* **TASK INSTRUCTIONS**
Please retype the listing below exactly as it stands, skipping any pictures.
======== GIVEN RECORDS
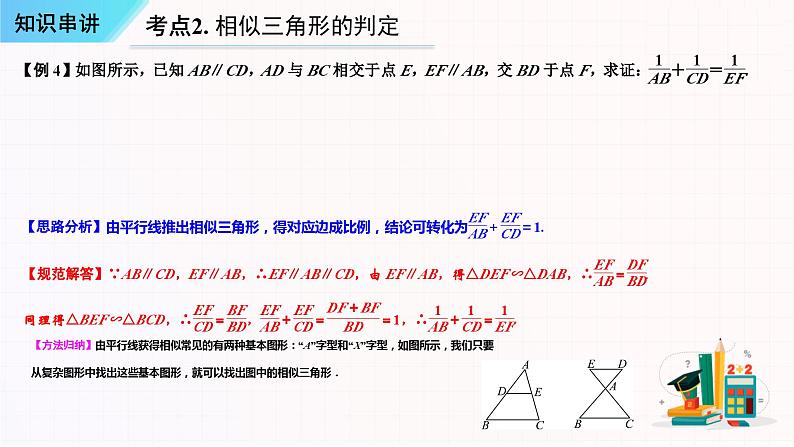 串讲07 相似【五大考点串讲+五种基本模型+4种易错专练】-2023-2024学年九年级数学上学期期末考点预测（人教版）课件PPT08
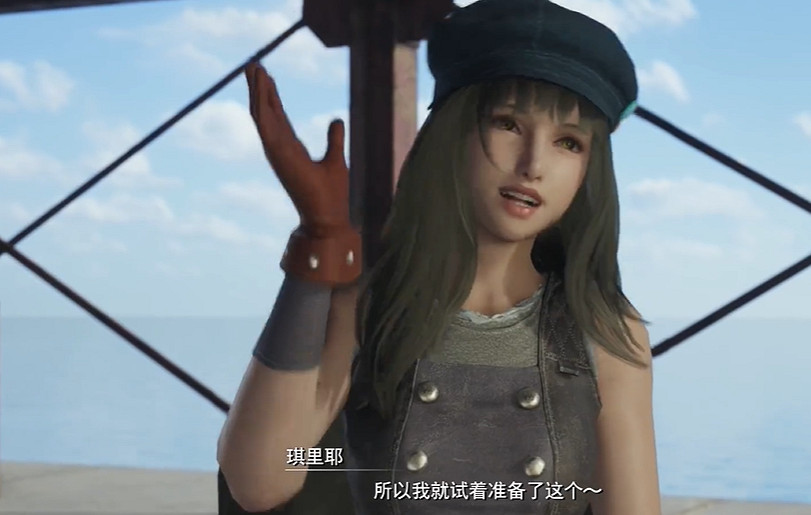 《最終幻想7重生》海角的廣告塔委托完成方法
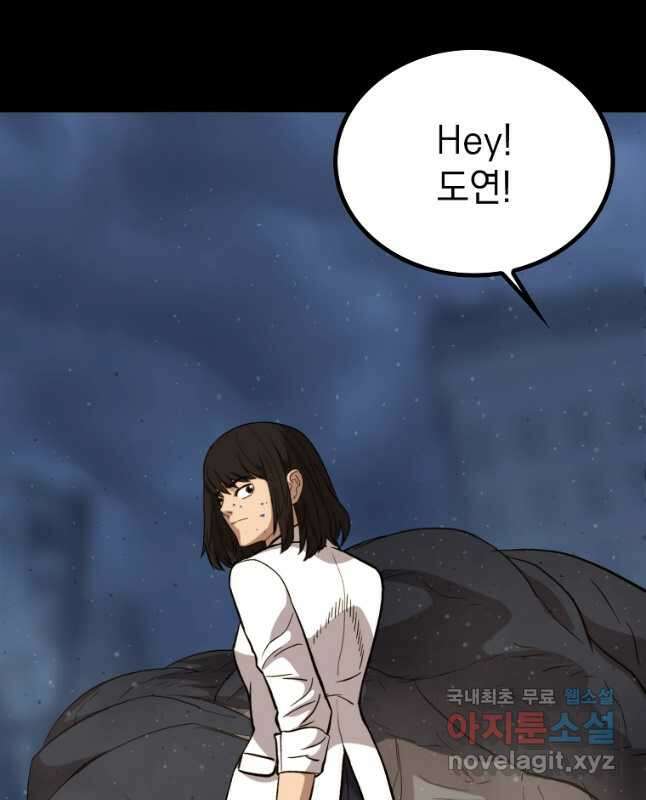 임기 첫날에 게이트가 열렸다 44화 15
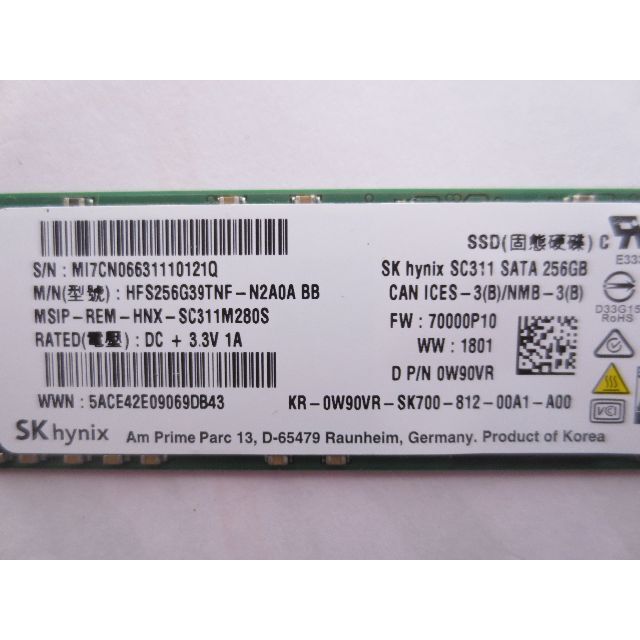 M.2  2280  SATA  SSD   256GB  2枚セット 1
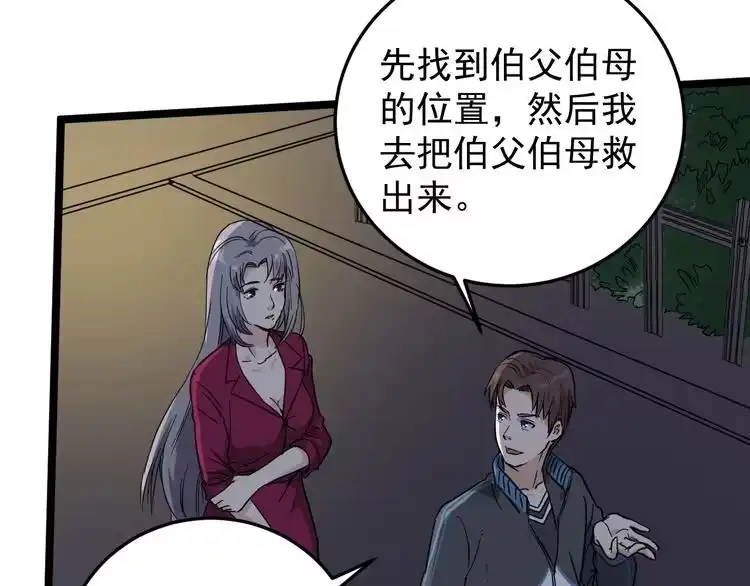 《回春小毒医》第58话 万鸦追踪！ 第61页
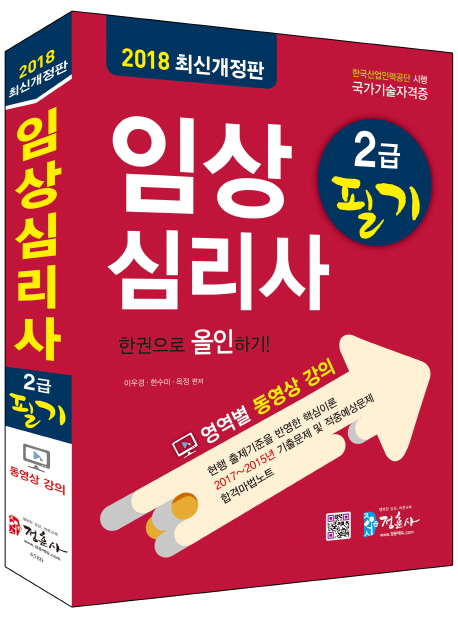 ӻɸ 2 ʱ ѱ ϱ!(2018)
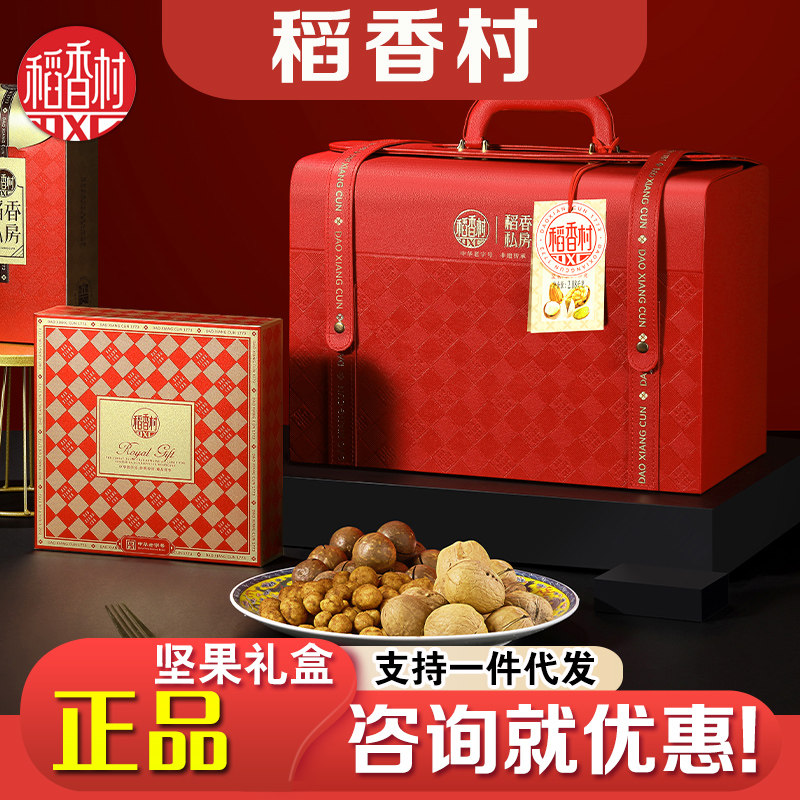 稻香村干果礼盒好年礼2080g
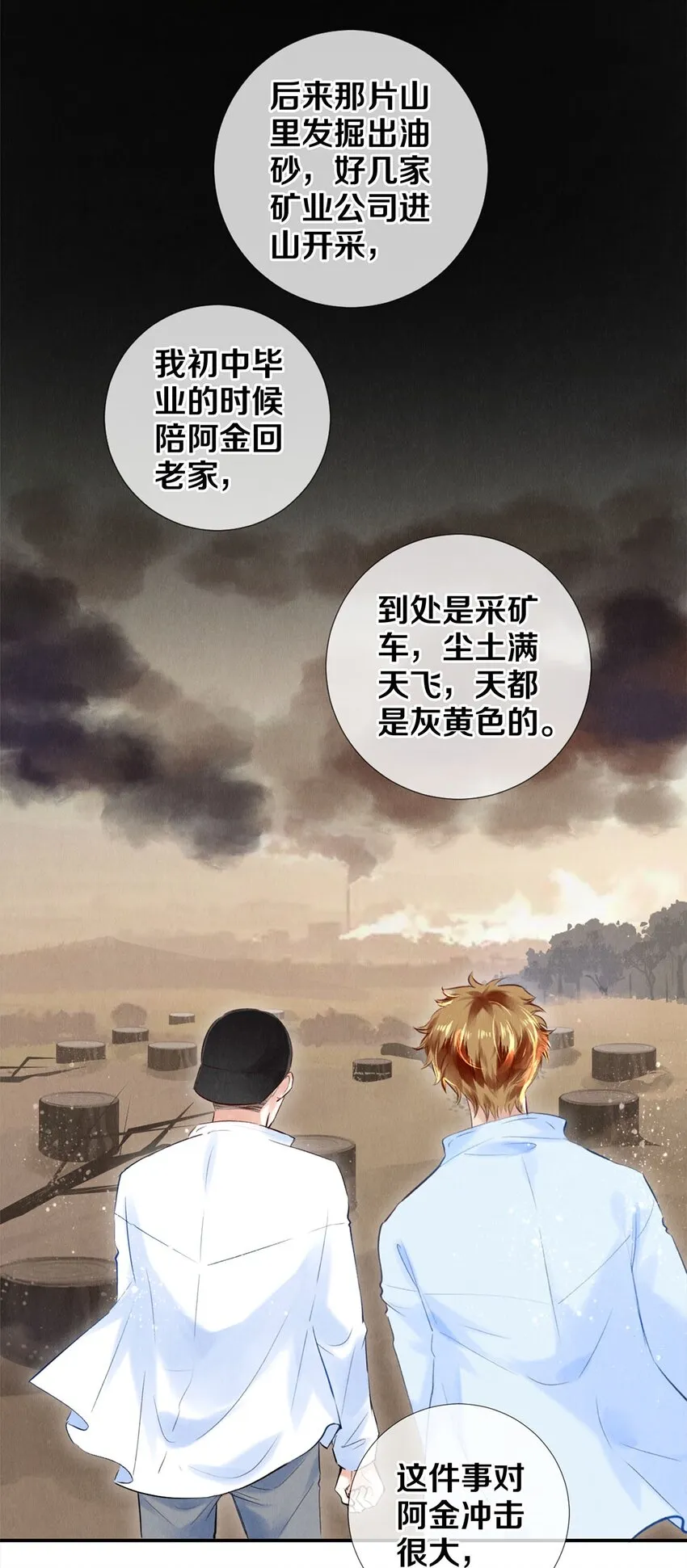 85 兄弟般的拥抱 第23页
================
* **RESULT OF THIS TASK**
 串讲07 相似【五大考点串讲+五种基本模型+4种易错专练】-2023-2024学年九年级数学上学期期末考点预测（人教版）课件PPT08
 《最終幻想7重生》海角的廣告塔委托完成方法
 임기 첫날에 게이트가 열렸다 44화 15
 M.2  2280  SATA  SSD   256GB  2枚セット 1
 《回春小毒医》第58话 万鸦追踪！ 第61页
 ӻɸ 2 ʱ ѱ ϱ!(2018)
 稻香村干果礼盒好年礼2080g
 85 兄弟般的拥抱 第23页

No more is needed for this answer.